Contains basic paper information organized by pages:
{
"page_1": [
{
"title": "Paper Title",
"url": "https://econpapers.repec.org/paper/...",
"authors": "Author Names",
"year": "YYYY",
"institution": "Institution Name",
"keywords": "keyword1, keyword2",
"jel_codes": "G14, ...",
"created_date": "YYYY-MM-DD",
"modified_date": "YYYY-MM-DD"
},
...
],
"page_2": [
...
]
}
Contains enriched paper information with abstracts and download links:
{
"https://econpapers.repec.org/paper/...": {
"title": "Paper Title",
"url": "https://econpapers.repec.org/paper/...",
"authors": "Author Names",
"date": "YYYY",
"abstract": "The paper abstract text...",
"download_links": [
{
"href": "original href from page",
"url": "decoded direct URL",
"text": "link text"
},
...
]
},
...
}
Contains the AI analysis of whether papers describe trading strategies:
{
"https://econpapers.repec.org/paper/...": {
"strategy": true,
"reason": "This paper presents a quantifiable trading strategy based on...",
"model": "Pro/deepseek-ai/DeepSeek-V3"
},
...
}
Contains only papers identified as trading strategies, formatted for use by alpha.isnow.ai:
[
{
"title": "Paper Title",
"abstract": "The paper abstract text...",
"keywords": ["keyword1", "keyword2", ...],
"eco_link": "https://econpapers.repec.org/paper/...",
"reviewed_by": "Pro/deepseek-ai/DeepSeek-V3"
},
...
]
- The scripts respect rate limits by adding random delays between requests
- The paper_details_updater script uses multi-threading for efficiency
- The review_strategy_paper script skips papers that have already been reviewed
- All scripts save progress periodically to prevent data loss if interrupted
You can set up a cron job or scheduled task to run the full workflow monthly:
#!/bin/bash
cd /path/to/project
python get_abstracts.py
python paper_details_updater.py
python review_strategy_paper.py
python generate_library.py
MIT License
Copyright (c) 2024 Guo Lin
Permission is hereby granted, free of charge, to any person obtaining a copy of this software and associated documentation files (the "Software"), to deal in the Software without restriction, including without limitation the rights to use, copy, modify, merge, publish, distribute, sublicense, and/or sell copies of the Software, and to permit persons to whom the Software is furnished to do so, subject to the following conditions:
The above copyright notice and this permission notice shall be included in all copies or substantial portions of the Software.
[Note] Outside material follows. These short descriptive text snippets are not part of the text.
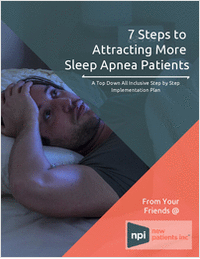 7 Steps to Attracting More Sleep Apnea Patients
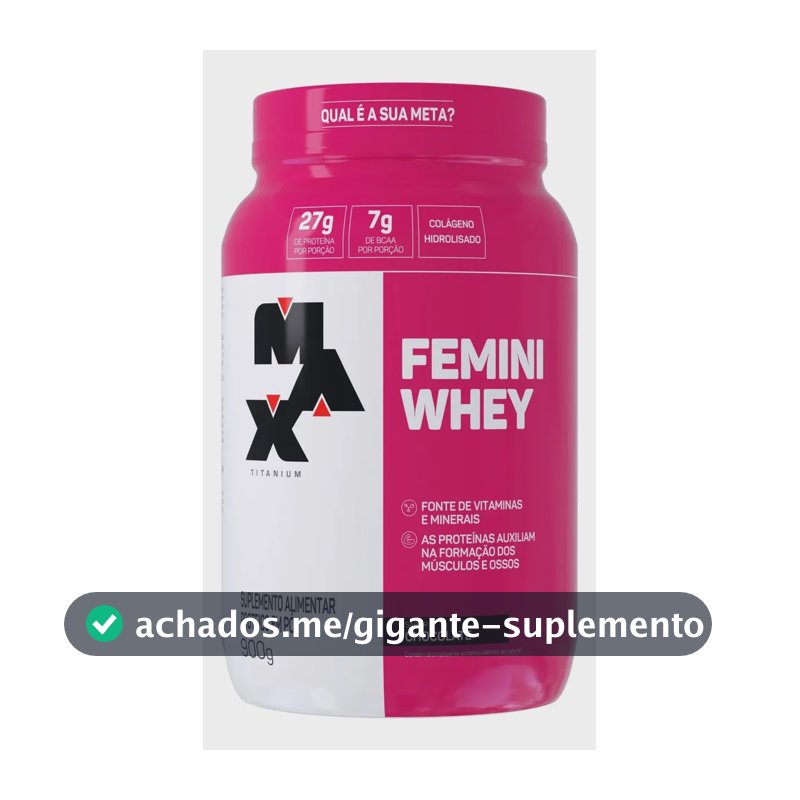 Whey Protein 900g Femini Whey Protein Max Titanium Chocolate Proteína e Colágeno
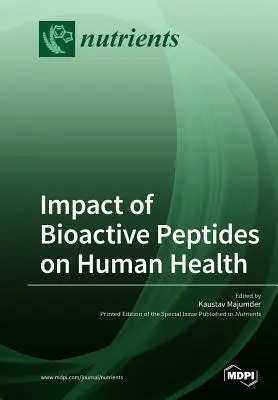 Impacto de los péptidos bioactivos en la salud humana - Impact of Bioactive Peptides on Human Health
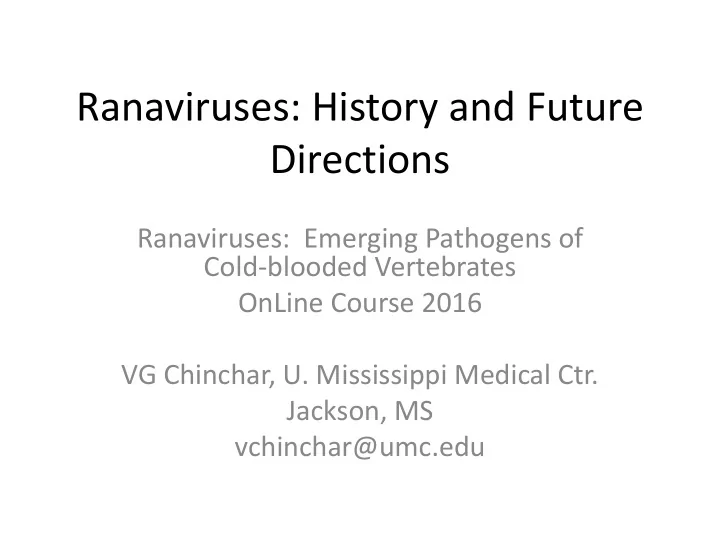 ranaviruses history and future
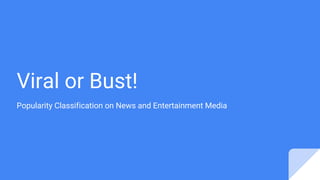 Viral or Bust!
Popularity Classification on News and Entertainment Media
 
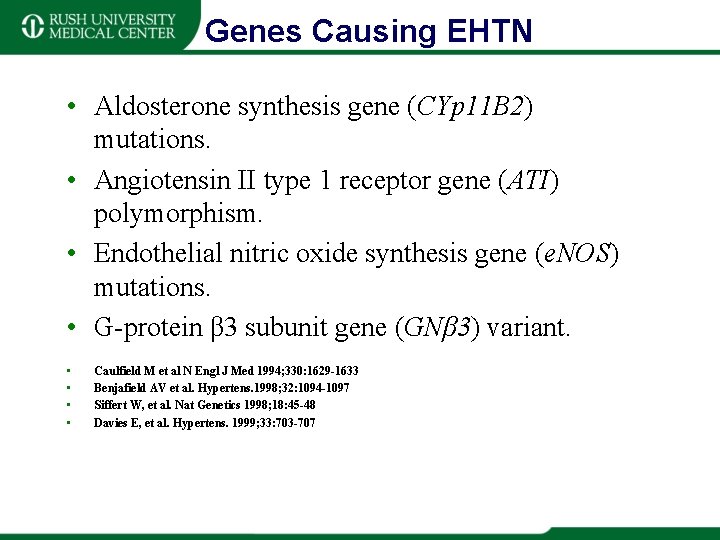 Genes Causing EHTN • Aldosterone synthesis gene (CYp 11 B 2) mutations. • Angiotensin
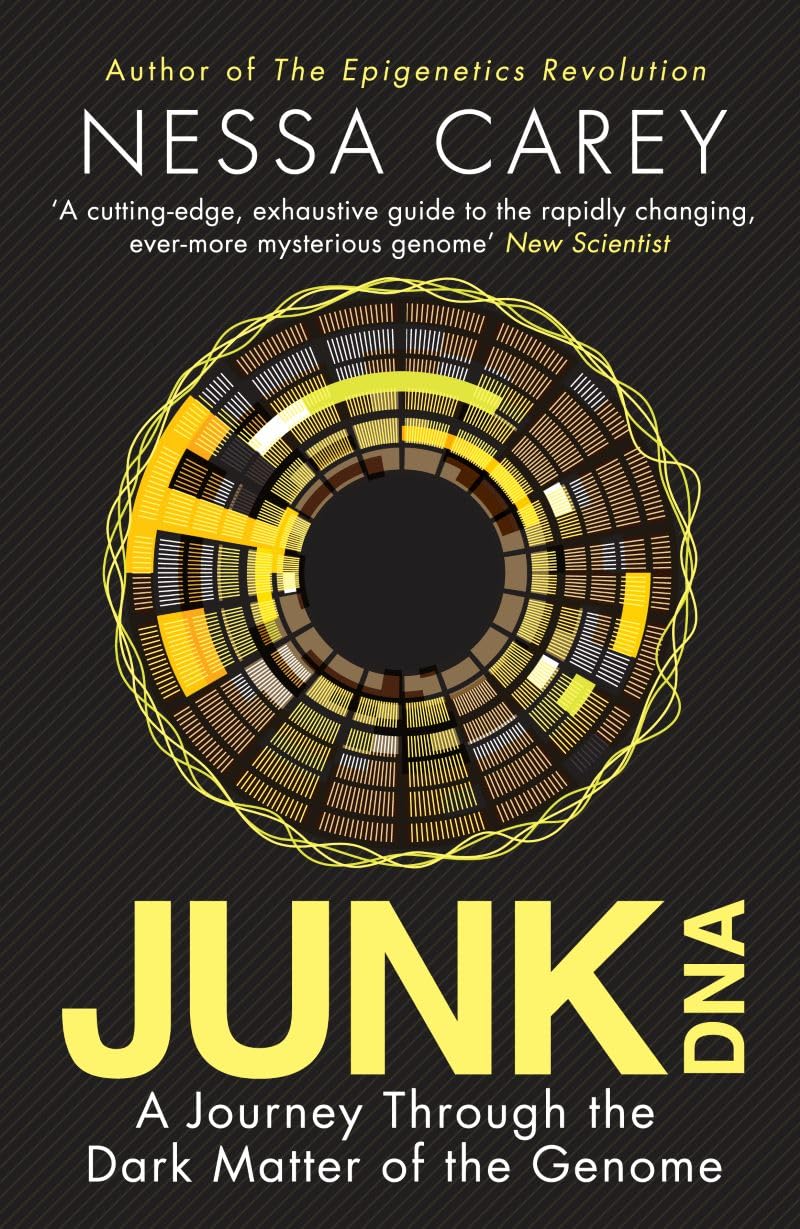Junk DNA: A Journey Through the Dark Matter of the Genome Paperback – 3 Sept. 2015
THE SOFTWARE IS PROVIDED "AS IS", WITHOUT WARRANTY OF ANY KIND, EXPRESS OR IMPLIED, INCLUDING BUT NOT LIMITED TO THE WARRANTIES OF MERCHANTABILITY, FITNESS FOR A PARTICULAR PURPOSE AND NONINFRINGEMENT. IN NO EVENT SHALL THE AUTHORS OR COPYRIGHT HOLDERS BE LIABLE FOR ANY CLAIM, DAMAGES OR OTHER LIABILITY, WHETHER IN AN ACTION OF CONTRACT, TORT OR OTHERWISE, ARISING FROM, OUT OF OR IN CONNECTION WITH THE SOFTWARE OR THE USE OR OTHER DEALINGS IN THE SOFTWARE.